1

I'm currently using this RegEx to match every link in a string:

let regex = /\b(https?:\/\/)?(([a-z\d]+([-_][a-z\d]+)*)\.)+\w{2,32}(:[\d]{2,5})?([-a-z0-9@:%_+.~#?&/=]*)\b/gi;

These links match without any problem, and this is intended.

https://gle.co.ulk.co.com:443/?key=test&5345@%20#arr/do
https://google.coshe
google.comls
google.co

These links will match too, but the last / (trailing slash) is not included in the matches, which is not intended:

https://gle.co.ulk.co.com:443/?key=test&5345@%20#arr/do/
https://google.coshe/
google.comls/
google.co/

I've tried using these match groups instead of ([-a-zA-Z0-9@:%_+.~#?&/=]*), without any success:

([-a-zA-Z0-9@:%_+.~#?&/=]*)\/?
([-a-zA-Z0-9@:%_+.~#?&/=]*\/?)
(([-a-zA-Z0-9@:%_+.~#?&/=]\/?)*)
Lorenzo Lapucci
  • 129
  • 4
  • 12
  • 2
    Have you tried with `/\b(https?:\/\/)?(([a-z\d]+([-_][a-z\d]+)*)\.)+\w{2,32}(:[\d]{2,5})?([-a-z0-9@:%_+.~#?&/=]*)\b\/?/gi` ? – giuseppedeponte Nov 10 '19 at 17:03
  • @giuseppedeponte I actually didn't, because I was seeing `\b` as the end of the whole match. It is working, thank you very much – Lorenzo Lapucci Nov 10 '19 at 17:17
  • It must be because `\b` matches the boundary between a word and a non-word character and \ is a non-word character. You can explicitly set the start/end of the whole string like this instead: `/^(https?:\/\/)?(([a-z\d]+([-_][a-z\d]+)*)\.)+\w{2,32}(:[\d]{2,5})?([-a-z0-9@:%_+.~#?&/=]*)$/gi` (add the `m` flag if you have multiple lines in one string) – giuseppedeponte Nov 10 '19 at 17:26
  • I wanted to note that I don't want to match the start or the end of the string, this is why I used `\b` – Lorenzo Lapucci Nov 10 '19 at 18:38
  • 1
    You've set it to case insensitive.
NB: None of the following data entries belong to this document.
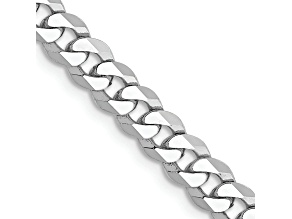 Rhodium Over 14k White Gold 4.75mm Solid Flat Beveled Curb 22 Inch Chain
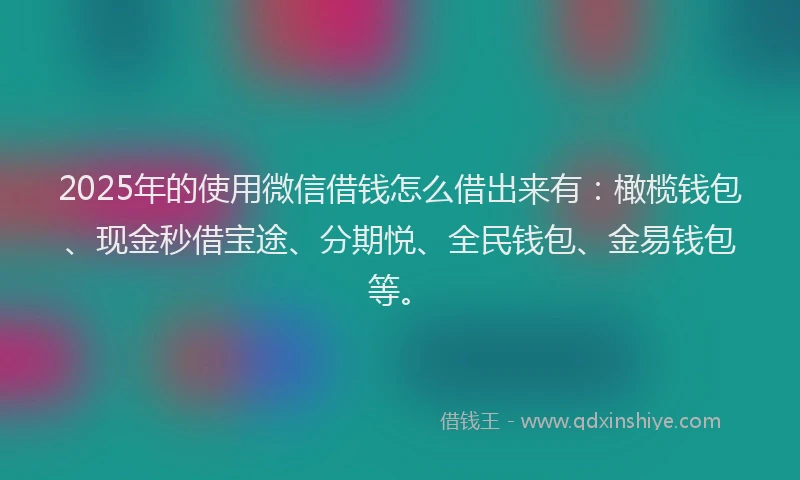 2025年的使用微信借钱怎么借出来有：橄榄钱包、现金秒借宝途、分期悦、全民钱包、金易钱包等。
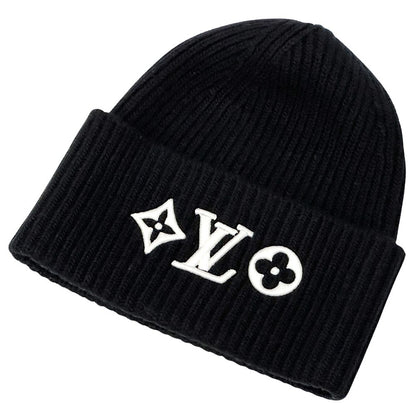 Louis Vuitton Knit Cap Wool Vini LV Head Line Black White — view 3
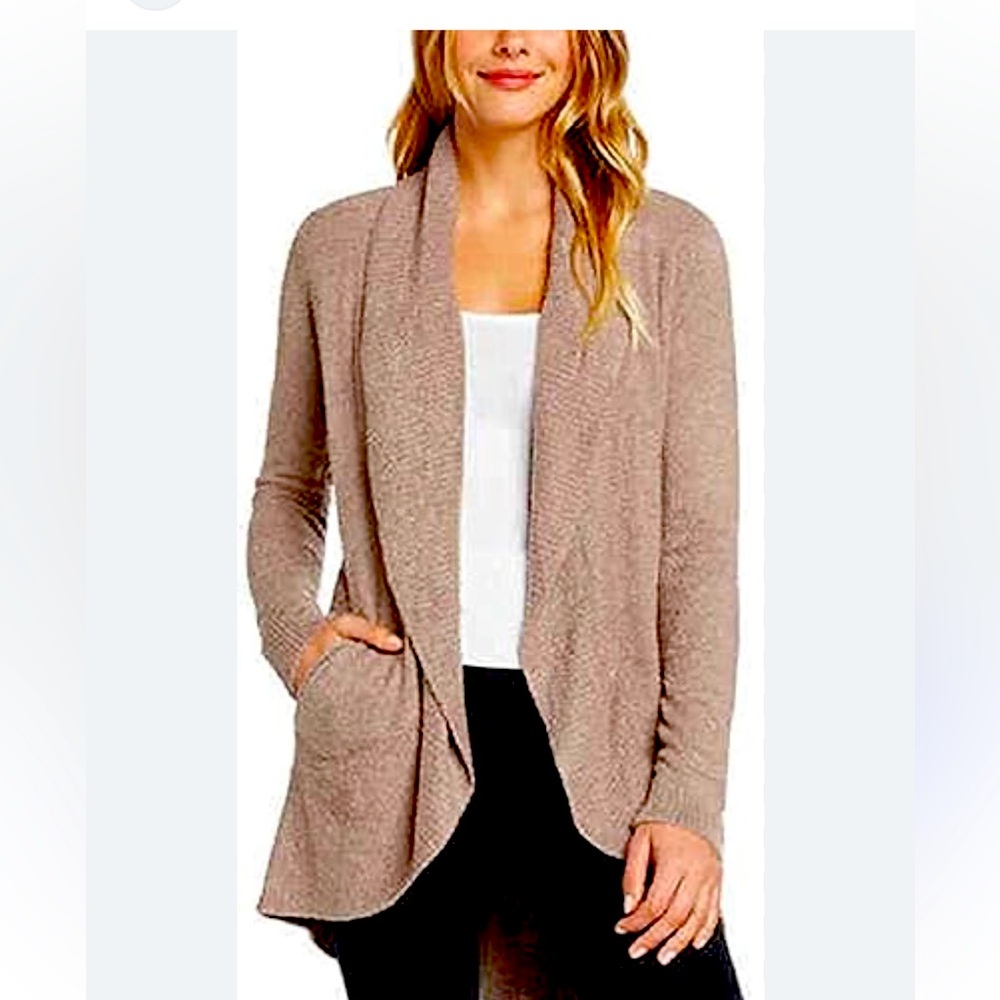 The Essential Travel Open Front knit knotted Cardigan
That means it will match e.g. `HTTP` at the start. You probably didn't mean to do that. Also, you can change `[-a-z0-9@:%_+.~#?&/=]` to `[-\w@:%_+.~#?&/=]`. – David Knipe Nov 12 '19 at 17:53
  • @DavidKnipe yes, case insensitive protocol is intentional too, as this is user generated content, also thanks for the semplification – Lorenzo Lapucci Nov 12 '19 at 19:16

1 Answers1

1

Using a boundary condition can be problematic for url's.
This includes \b.

The relaxed way of doing url matching is with a bit more specific form
in the domain part, and a generalized directory / parameters structure at the end.
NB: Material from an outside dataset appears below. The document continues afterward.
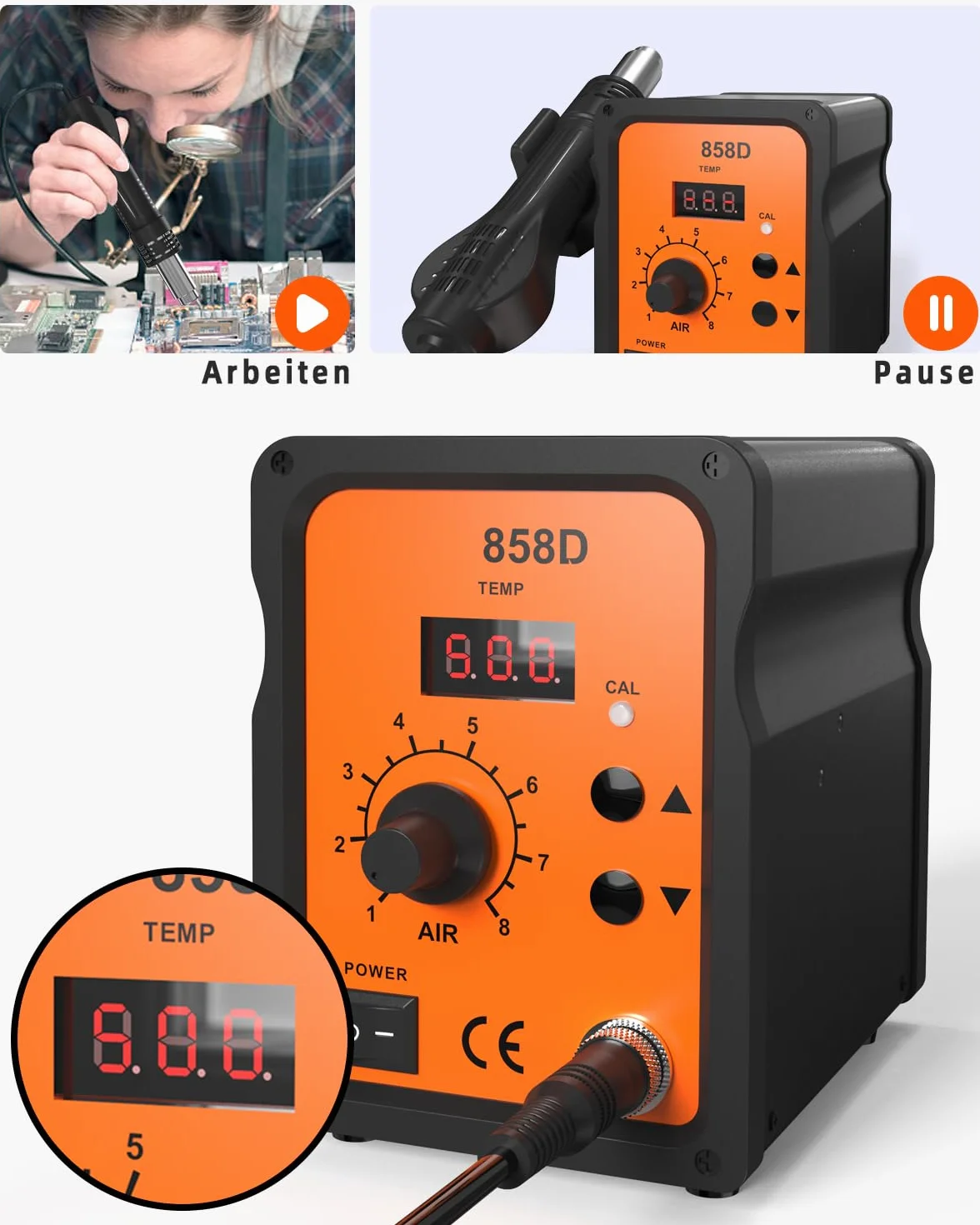 700W Stacja lutownicza na gorące powietrze (orange)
This is relaxed with no boundary specification:

/((?:https?:\/\/)?(?:(?:[1-9]\d?|1\d\d|2[01]\d|22[0-3])(?:\.(?:1?\d{1,2}|2[0-4]\d|25[0-5])){2}(?:\.(?:[1-9]\d?|1\d\d|2[0-4]\d|25[0-4]))|(?:(?:[a-z\u00a1-\uffff0-9]+-?)*[a-z\u00a1-\uffff0-9]+)(?:\.(?:[a-z\u00a1-\uffff0-9]+-?)*[a-z\u00a1-\uffff0-9]+)*(?:\.(?:[a-z\u00a1-\uffff]{2,})))(?::\d{2,5})?(?:\/\S*)?)/gi

https://regex101.com/r/UxcFCO/1


This is relaxed with whitespace boundary specification:
The url is in group 1.

/(?:^|\s)((?:https?:\/\/)?(?:(?:[1-9]\d?|1\d\d|2[01]\d|22[0-3])(?:\.(?:1?\d{1,2}|2[0-4]\d|25[0-5])){2}(?:\.(?:[1-9]\d?|1\d\d|2[0-4]\d|25[0-4]))|(?:(?:[a-z\u00a1-\uffff0-9]+-?)*[a-z\u00a1-\uffff0-9]+)(?:\.(?:[a-z\u00a1-\uffff0-9]+-?)*[a-z\u00a1-\uffff0-9]+)*(?:\.(?:[a-z\u00a1-\uffff]{2,})))(?::\d{2,5})?(?:\/\S*)?)/gi

https://regex101.com/r/NpqgXX/1